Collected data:
----
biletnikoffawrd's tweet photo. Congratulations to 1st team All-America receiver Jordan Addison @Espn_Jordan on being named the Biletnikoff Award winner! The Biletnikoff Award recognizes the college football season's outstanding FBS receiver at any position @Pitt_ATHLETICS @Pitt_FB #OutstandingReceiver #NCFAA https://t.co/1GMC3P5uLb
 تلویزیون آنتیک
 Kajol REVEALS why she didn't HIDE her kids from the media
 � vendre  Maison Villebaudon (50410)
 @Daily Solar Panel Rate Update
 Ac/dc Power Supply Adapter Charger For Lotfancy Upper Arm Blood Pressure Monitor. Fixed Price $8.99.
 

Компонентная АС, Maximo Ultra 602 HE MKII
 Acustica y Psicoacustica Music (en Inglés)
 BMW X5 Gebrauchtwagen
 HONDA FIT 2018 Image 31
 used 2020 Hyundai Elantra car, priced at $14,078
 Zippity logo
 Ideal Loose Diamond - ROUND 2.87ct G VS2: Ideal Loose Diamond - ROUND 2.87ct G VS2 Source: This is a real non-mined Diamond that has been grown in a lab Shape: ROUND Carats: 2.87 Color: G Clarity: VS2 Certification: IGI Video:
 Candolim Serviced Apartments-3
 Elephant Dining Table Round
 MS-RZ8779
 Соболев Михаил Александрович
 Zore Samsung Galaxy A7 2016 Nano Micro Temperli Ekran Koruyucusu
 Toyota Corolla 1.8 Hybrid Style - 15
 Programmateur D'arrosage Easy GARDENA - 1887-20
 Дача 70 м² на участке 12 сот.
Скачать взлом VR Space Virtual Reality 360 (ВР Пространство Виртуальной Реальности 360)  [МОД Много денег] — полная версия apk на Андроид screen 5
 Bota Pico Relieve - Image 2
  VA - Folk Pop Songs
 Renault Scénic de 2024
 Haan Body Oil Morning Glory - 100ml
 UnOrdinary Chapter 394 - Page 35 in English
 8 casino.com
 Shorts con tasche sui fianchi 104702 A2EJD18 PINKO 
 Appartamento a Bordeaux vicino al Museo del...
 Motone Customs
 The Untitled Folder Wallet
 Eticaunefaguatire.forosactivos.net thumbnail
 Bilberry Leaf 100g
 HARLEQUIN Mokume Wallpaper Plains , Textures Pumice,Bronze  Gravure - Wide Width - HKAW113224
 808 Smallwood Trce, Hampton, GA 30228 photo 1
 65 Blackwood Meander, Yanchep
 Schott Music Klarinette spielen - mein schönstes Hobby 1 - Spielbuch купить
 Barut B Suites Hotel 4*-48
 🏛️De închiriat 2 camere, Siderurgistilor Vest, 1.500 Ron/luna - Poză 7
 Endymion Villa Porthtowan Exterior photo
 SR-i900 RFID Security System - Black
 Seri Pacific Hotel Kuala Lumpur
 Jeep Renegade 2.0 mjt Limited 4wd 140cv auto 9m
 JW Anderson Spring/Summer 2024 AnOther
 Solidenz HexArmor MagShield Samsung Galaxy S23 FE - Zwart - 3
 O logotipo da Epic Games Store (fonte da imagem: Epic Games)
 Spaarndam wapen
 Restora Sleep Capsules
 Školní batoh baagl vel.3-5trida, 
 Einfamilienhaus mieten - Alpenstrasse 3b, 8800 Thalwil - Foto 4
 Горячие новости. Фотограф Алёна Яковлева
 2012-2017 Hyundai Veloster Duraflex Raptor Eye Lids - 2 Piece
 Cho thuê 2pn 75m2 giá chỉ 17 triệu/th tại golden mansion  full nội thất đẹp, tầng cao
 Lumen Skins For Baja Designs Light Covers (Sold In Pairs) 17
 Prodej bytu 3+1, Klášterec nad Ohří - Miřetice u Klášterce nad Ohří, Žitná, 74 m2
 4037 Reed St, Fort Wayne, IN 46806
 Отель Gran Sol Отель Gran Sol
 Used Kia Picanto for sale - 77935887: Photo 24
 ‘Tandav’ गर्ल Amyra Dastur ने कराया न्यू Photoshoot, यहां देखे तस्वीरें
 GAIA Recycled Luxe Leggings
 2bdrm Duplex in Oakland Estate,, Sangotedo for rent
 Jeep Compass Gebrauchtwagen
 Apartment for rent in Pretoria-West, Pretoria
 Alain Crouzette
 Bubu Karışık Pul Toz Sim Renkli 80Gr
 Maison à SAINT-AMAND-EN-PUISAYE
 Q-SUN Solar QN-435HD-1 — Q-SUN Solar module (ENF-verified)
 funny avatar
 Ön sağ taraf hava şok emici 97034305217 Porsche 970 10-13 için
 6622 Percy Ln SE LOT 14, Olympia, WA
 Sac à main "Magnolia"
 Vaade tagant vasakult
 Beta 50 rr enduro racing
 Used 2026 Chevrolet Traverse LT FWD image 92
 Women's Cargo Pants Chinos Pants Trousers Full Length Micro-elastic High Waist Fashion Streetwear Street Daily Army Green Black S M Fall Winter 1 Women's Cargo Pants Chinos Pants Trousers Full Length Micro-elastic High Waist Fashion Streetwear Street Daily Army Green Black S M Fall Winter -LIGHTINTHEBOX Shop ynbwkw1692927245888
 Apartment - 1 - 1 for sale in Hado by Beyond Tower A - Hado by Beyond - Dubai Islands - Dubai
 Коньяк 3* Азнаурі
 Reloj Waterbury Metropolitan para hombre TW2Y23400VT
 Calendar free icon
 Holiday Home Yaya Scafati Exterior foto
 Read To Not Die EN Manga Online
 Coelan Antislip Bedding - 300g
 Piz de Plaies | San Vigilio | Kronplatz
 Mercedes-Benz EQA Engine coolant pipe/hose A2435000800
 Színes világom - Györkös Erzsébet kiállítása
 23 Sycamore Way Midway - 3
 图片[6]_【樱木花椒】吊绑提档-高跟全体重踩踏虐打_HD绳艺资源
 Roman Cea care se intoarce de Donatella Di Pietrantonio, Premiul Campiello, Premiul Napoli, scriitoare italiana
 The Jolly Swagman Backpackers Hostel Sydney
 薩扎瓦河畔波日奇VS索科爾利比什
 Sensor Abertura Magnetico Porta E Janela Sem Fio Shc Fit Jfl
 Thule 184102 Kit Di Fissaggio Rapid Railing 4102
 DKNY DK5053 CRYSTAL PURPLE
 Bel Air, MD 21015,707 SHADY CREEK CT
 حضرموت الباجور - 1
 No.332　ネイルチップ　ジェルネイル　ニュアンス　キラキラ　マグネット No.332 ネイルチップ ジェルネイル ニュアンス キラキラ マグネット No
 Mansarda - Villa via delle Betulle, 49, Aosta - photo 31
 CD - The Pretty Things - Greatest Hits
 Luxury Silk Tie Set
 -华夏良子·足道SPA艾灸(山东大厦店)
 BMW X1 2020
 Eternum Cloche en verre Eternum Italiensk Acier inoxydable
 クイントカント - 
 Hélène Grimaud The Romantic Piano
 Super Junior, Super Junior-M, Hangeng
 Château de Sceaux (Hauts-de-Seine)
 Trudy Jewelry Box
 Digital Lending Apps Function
----
# WORK TO COMPLETE:
Every entry above should be given again exactly as shown.

# RESULT OF THE TASK:
biletnikoffawrd's tweet photo. Congratulations to 1st team All-America receiver Jordan Addison @Espn_Jordan on being named the Biletnikoff Award winner! The Biletnikoff Award recognizes the college football season's outstanding FBS receiver at any position @Pitt_ATHLETICS @Pitt_FB #OutstandingReceiver #NCFAA https://t.co/1GMC3P5uLb
 تلویزیون آنتیک
 Kajol REVEALS why she didn't HIDE her kids from the media
 � vendre  Maison Villebaudon (50410)
 @Daily Solar Panel Rate Update
 Ac/dc Power Supply Adapter Charger For Lotfancy Upper Arm Blood Pressure Monitor. Fixed Price $8.99.
 

Компонентная АС, Maximo Ultra 602 HE MKII
 Acustica y Psicoacustica Music (en Inglés)
 BMW X5 Gebrauchtwagen
 HONDA FIT 2018 Image 31
 used 2020 Hyundai Elantra car, priced at $14,078
 Zippity logo
 Ideal Loose Diamond - ROUND 2.87ct G VS2: Ideal Loose Diamond - ROUND 2.87ct G VS2 Source: This is a real non-mined Diamond that has been grown in a lab Shape: ROUND Carats: 2.87 Color: G Clarity: VS2 Certification: IGI Video:
 Candolim Serviced Apartments-3
 Elephant Dining Table Round
 MS-RZ8779
 Соболев Михаил Александрович
 Zore Samsung Galaxy A7 2016 Nano Micro Temperli Ekran Koruyucusu
 Toyota Corolla 1.8 Hybrid Style - 15
 Programmateur D'arrosage Easy GARDENA - 1887-20
 Дача 70 м² на участке 12 сот.
Скачать взлом VR Space Virtual Reality 360 (ВР Пространство Виртуальной Реальности 360)  [МОД Много денег] — полная версия apk на Андроид screen 5
 Bota Pico Relieve - Image 2
  VA - Folk Pop Songs
 Renault Scénic de 2024
 Haan Body Oil Morning Glory - 100ml
 UnOrdinary Chapter 394 - Page 35 in English
 8 casino.com
 Shorts con tasche sui fianchi 104702 A2EJD18 PINKO 
 Appartamento a Bordeaux vicino al Museo del...
 Motone Customs
 The Untitled Folder Wallet
 Eticaunefaguatire.forosactivos.net thumbnail
 Bilberry Leaf 100g
 HARLEQUIN Mokume Wallpaper Plains , Textures Pumice,Bronze  Gravure - Wide Width - HKAW113224
 808 Smallwood Trce, Hampton, GA 30228 photo 1
 65 Blackwood Meander, Yanchep
 Schott Music Klarinette spielen - mein schönstes Hobby 1 - Spielbuch купить
 Barut B Suites Hotel 4*-48
 🏛️De închiriat 2 camere, Siderurgistilor Vest, 1.500 Ron/luna - Poză 7
 Endymion Villa Porthtowan Exterior photo
 SR-i900 RFID Security System - Black
 Seri Pacific Hotel Kuala Lumpur
 Jeep Renegade 2.0 mjt Limited 4wd 140cv auto 9m
 JW Anderson Spring/Summer 2024 AnOther
 Solidenz HexArmor MagShield Samsung Galaxy S23 FE - Zwart - 3
 O logotipo da Epic Games Store (fonte da imagem: Epic Games)
 Spaarndam wapen
 Restora Sleep Capsules
 Školní batoh baagl vel.3-5trida, 
 Einfamilienhaus mieten - Alpenstrasse 3b, 8800 Thalwil - Foto 4
 Горячие новости. Фотограф Алёна Яковлева
 2012-2017 Hyundai Veloster Duraflex Raptor Eye Lids - 2 Piece
 Cho thuê 2pn 75m2 giá chỉ 17 triệu/th tại golden mansion  full nội thất đẹp, tầng cao
 Lumen Skins For Baja Designs Light Covers (Sold In Pairs) 17
 Prodej bytu 3+1, Klášterec nad Ohří - Miřetice u Klášterce nad Ohří, Žitná, 74 m2
 4037 Reed St, Fort Wayne, IN 46806
 Отель Gran Sol Отель Gran Sol
 Used Kia Picanto for sale - 77935887: Photo 24
 ‘Tandav’ गर्ल Amyra Dastur ने कराया न्यू Photoshoot, यहां देखे तस्वीरें
 GAIA Recycled Luxe Leggings
 2bdrm Duplex in Oakland Estate,, Sangotedo for rent
 Jeep Compass Gebrauchtwagen
 Apartment for rent in Pretoria-West, Pretoria
 Alain Crouzette
 Bubu Karışık Pul Toz Sim Renkli 80Gr
 Maison à SAINT-AMAND-EN-PUISAYE
 Q-SUN Solar QN-435HD-1 — Q-SUN Solar module (ENF-verified)
 funny avatar
 Ön sağ taraf hava şok emici 97034305217 Porsche 970 10-13 için
 6622 Percy Ln SE LOT 14, Olympia, WA
 Sac à main "Magnolia"
 Vaade tagant vasakult
 Beta 50 rr enduro racing
 Used 2026 Chevrolet Traverse LT FWD image 92
 Women's Cargo Pants Chinos Pants Trousers Full Length Micro-elastic High Waist Fashion Streetwear Street Daily Army Green Black S M Fall Winter 1 Women's Cargo Pants Chinos Pants Trousers Full Length Micro-elastic High Waist Fashion Streetwear Street Daily Army Green Black S M Fall Winter -LIGHTINTHEBOX Shop ynbwkw1692927245888
 Apartment - 1 - 1 for sale in Hado by Beyond Tower A - Hado by Beyond - Dubai Islands - Dubai
 Коньяк 3* Азнаурі
 Reloj Waterbury Metropolitan para hombre TW2Y23400VT
 Calendar free icon
 Holiday Home Yaya Scafati Exterior foto
 Read To Not Die EN Manga Online
 Coelan Antislip Bedding - 300g
 Piz de Plaies | San Vigilio | Kronplatz
 Mercedes-Benz EQA Engine coolant pipe/hose A2435000800
 Színes világom - Györkös Erzsébet kiállítása
 23 Sycamore Way Midway - 3
 图片[6]_【樱木花椒】吊绑提档-高跟全体重踩踏虐打_HD绳艺资源
 Roman Cea care se intoarce de Donatella Di Pietrantonio, Premiul Campiello, Premiul Napoli, scriitoare italiana
 The Jolly Swagman Backpackers Hostel Sydney
 薩扎瓦河畔波日奇VS索科爾利比什
 Sensor Abertura Magnetico Porta E Janela Sem Fio Shc Fit Jfl
 Thule 184102 Kit Di Fissaggio Rapid Railing 4102
 DKNY DK5053 CRYSTAL PURPLE
 Bel Air, MD 21015,707 SHADY CREEK CT
 حضرموت الباجور - 1
 No.332　ネイルチップ　ジェルネイル　ニュアンス　キラキラ　マグネット No.332 ネイルチップ ジェルネイル ニュアンス キラキラ マグネット No
 Mansarda - Villa via delle Betulle, 49, Aosta - photo 31
 CD - The Pretty Things - Greatest Hits
 Luxury Silk Tie Set
 -华夏良子·足道SPA艾灸(山东大厦店)
 BMW X1 2020
 Eternum Cloche en verre Eternum Italiensk Acier inoxydable
 クイントカント - 
 Hélène Grimaud The Romantic Piano
 Super Junior, Super Junior-M, Hangeng
 Château de Sceaux (Hauts-de-Seine)
 Trudy Jewelry Box
 Digital Lending Apps Function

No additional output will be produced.